Chilean Crêpes Filled
What do you get when
you roll up a crêpe with a filling of manjar?
A heavenly pancake, or panqueque celestino, in Spanish.
Chileans don't eat
pancakes, but they love crêpes, which they call panqueques. They're thinner
and lighter, to allow them to enclose a filling, such as manjar.
Chilean crepes filled with manjar
*Makes 4 servings*
1 c whole milk
2 large eggs
1 t pure vanilla extract
¾ c all-purpose flour
2 T butter (and more for cooking)
1 c manjar
In a medium bowl, whisk the eggs and the milk until combined.
Add the vanilla and salt.
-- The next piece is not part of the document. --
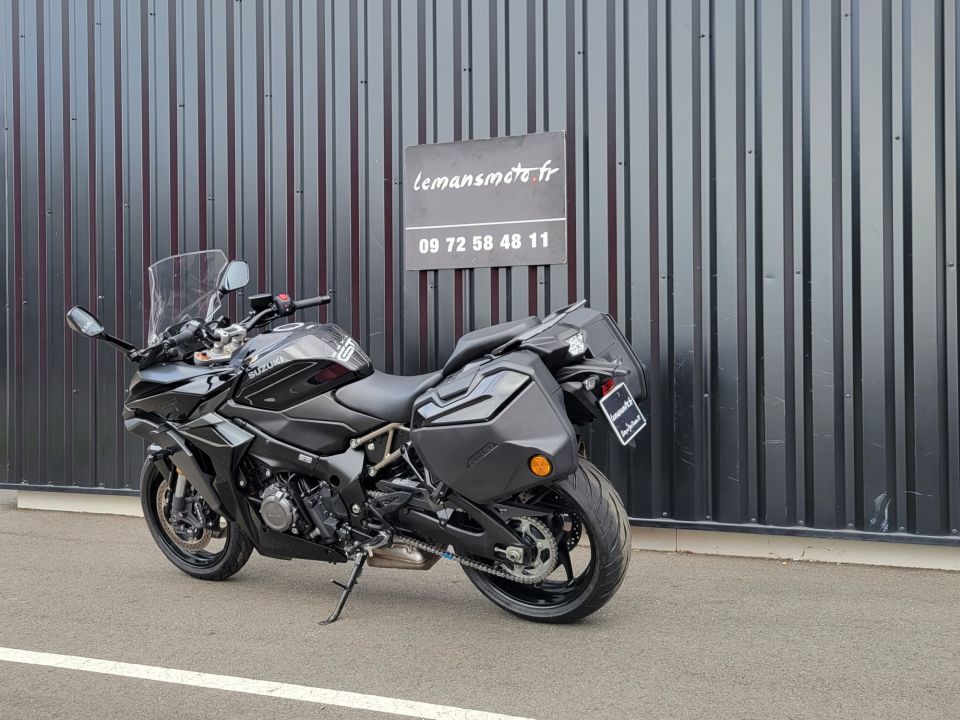 SUZUKI GSX-S 1000 GT 25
Stir in the flour, a little at a time, until
well combined. Let the batter rest about 30 minutes.
Melt 2 T of butter in an 8-inch nonstick skillet over medium heat. Stir
into the batter. Heat a little more butter or oil into the skillet. Pour
a scant 1/3 c batter into the pan. Tilt the pan slightly to cover the
entire surface with a thin layer of batter. Cook over medium heat until
light brown on the bottom. Turn the crepe with a spatula and brown the
other side. Repeat until all batter is used (about 8 crepes). Stack the
crepes on a plate until ready to serve.
Preheat the broiler.
Spread each crepe with 1 to 2 T of manjar and roll tightly or fold in
quarters. Place the crepes on a baking sheet and dust generously with
powdered sugar. Broil until the sugar is lightly caramelized. Serve at once.